3. Extraction of notes and table contents

This code will be centered on the form of the text above the default recognition of the form of the title of the note, extract the contents of the form will be extracted together.

from docx import Document
from  import WD_ALIGN_PARAGRAPH
import os
 
def extract_tables_with_titles(doc_path, output_path):
    # Load the original document
    doc = Document(doc_path)
    new_doc = Document()
 
    # Extract the table and add it to a new document
    for i, table in enumerate():
        # Try to locate and copy the centered text above the table
        # Find the paragraph before the table
        para = table._element.getprevious()
        if para is not None and ('p'):
            # Check if the paragraph is formatted as centered
            p = ()
            para_obj = [p for p in  if p._element == para][0]
            if para_obj.alignment == WD_ALIGN_PARAGRAPH.CENTER:
                # Add a centered paragraph to a new document
                new_para = new_doc.add_paragraph(para_obj.text)
                new_para.alignment = WD_ALIGN_PARAGRAPH.CENTER
 
        # Add table
        t = new_doc.add_table(rows=1, cols=len())
         = 'Table Grid'  # Use the built-in table styles, which will automatically add the box lines
 
        # Duplicate table headers
        for j, cell in enumerate([0].cells):
            (0, j).text = 
        # Copy other lines
        for row in [1:]:
            new_row = t.add_row()
            for j, cell in enumerate():
                new_row.cells[j].text = 
 
        # Add a blank line (empty paragraph) after each table except the last one
        if i < len() - 1:
            new_doc.add_paragraph()
 
    # Save new document
    new_doc.save(output_path)
 
# Examples of use
extract_tables_with_titles('', '')

The above code on the basis of the original code to increase the extraction of the contents of the title note, by calling extract_tables_with_titles this function, batch the file in the table and the title extracted and put into the middle of the table, and each table will have an empty line between.

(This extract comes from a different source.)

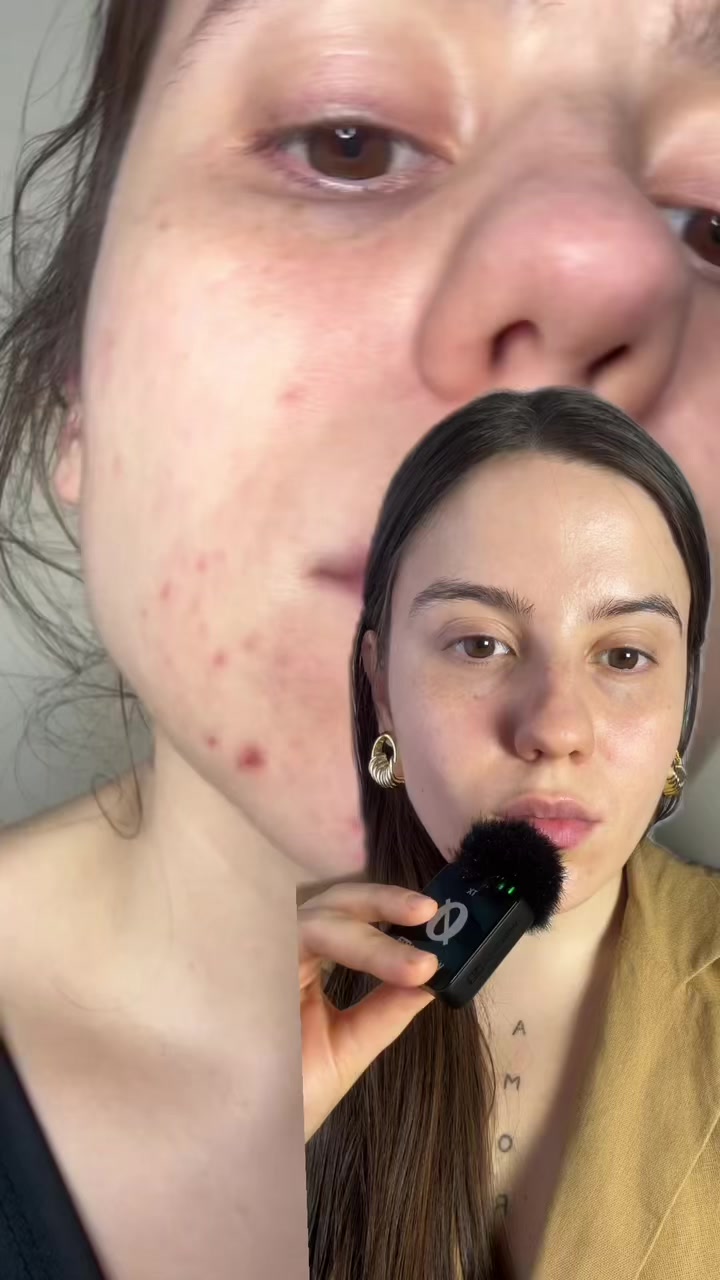 @Belén Estévez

III. Post-learning reflections

The use of VBA and Python can realize the function of table content extraction, but for the text and the style of the table can not be completely extracted. Later, we will further explore how to copy the complete table contents and styles, but due to the special formatting involved in fonts and so on, it will be difficult to extract the styles.

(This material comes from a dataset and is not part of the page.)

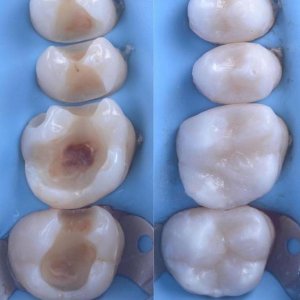 Пломбування зубів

The advantage of the above two methods is that they can extract table contents in batch and efficiently, but they cannot extract styles, so they may report errors when extracting complex tables.

The above code by default is to batch extract the form to the current directory, VBA code is applied to the current word file, and python is required to extract the file name, if you want to batch extract multiple files in the form you also need to add a for loop to traverse all the word file.

This article on Python to achieve batch extraction of Word in the form of the article is introduced to this, more relevant Python extract Word form content please search my previous posts or continue to browse the following related articles I hope you will support me in the future more!